**Your goal**. Please quote exactly the lines below from the line containing "CONTRAST INTERLOCK POLO TOP" to the line containing "ZXDFMY 250x250cm Quadratisch", both lines included, and nothing else.

**Exercise data**.

▬▬▬▬▬▬

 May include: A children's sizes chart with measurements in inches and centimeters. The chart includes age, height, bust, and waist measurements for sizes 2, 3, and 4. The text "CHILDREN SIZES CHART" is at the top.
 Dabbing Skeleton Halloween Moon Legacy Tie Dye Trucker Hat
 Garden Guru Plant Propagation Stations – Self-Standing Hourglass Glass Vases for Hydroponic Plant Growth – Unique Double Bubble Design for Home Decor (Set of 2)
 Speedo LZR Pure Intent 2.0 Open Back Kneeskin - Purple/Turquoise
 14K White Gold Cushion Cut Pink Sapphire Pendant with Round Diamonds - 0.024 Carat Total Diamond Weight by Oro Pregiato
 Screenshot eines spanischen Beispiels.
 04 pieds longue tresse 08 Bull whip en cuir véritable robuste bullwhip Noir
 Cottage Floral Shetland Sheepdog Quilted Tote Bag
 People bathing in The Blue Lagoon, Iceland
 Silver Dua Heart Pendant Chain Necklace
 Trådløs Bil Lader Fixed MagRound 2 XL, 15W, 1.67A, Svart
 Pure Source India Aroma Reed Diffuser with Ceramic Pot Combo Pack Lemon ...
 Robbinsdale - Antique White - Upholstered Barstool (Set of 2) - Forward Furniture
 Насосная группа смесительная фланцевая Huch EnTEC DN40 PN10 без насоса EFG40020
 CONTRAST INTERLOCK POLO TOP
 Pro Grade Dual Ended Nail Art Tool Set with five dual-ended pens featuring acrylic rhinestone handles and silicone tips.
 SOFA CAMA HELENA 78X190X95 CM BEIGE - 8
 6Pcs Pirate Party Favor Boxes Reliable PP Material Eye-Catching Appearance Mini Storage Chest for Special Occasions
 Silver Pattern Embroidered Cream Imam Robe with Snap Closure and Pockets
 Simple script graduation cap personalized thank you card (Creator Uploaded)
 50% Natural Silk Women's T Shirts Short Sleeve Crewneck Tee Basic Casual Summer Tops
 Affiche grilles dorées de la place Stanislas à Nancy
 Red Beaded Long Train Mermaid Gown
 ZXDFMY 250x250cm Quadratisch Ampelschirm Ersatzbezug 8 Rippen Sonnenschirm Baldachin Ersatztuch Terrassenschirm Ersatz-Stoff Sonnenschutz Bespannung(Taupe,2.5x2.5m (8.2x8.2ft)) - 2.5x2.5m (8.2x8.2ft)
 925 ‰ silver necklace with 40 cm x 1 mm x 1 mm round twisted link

▬▬▬▬▬▬

**Written solution**.
 CONTRAST INTERLOCK POLO TOP
 Pro Grade Dual Ended Nail Art Tool Set with five dual-ended pens featuring acrylic rhinestone handles and silicone tips.
 SOFA CAMA HELENA 78X190X95 CM BEIGE - 8
 6Pcs Pirate Party Favor Boxes Reliable PP Material Eye-Catching Appearance Mini Storage Chest for Special Occasions
 Silver Pattern Embroidered Cream Imam Robe with Snap Closure and Pockets
 Simple script graduation cap personalized thank you card (Creator Uploaded)
 50% Natural Silk Women's T Shirts Short Sleeve Crewneck Tee Basic Casual Summer Tops
 Affiche grilles dorées de la place Stanislas à Nancy
 Red Beaded Long Train Mermaid Gown
 ZXDFMY 250x250cm Quadratisch Ampelschirm Ersatzbezug 8 Rippen Sonnenschirm Baldachin Ersatztuch Terrassenschirm Ersatz-Stoff Sonnenschutz Bespannung(Taupe,2.5x2.5m (8.2x8.2ft)) - 2.5x2.5m (8.2x8.2ft)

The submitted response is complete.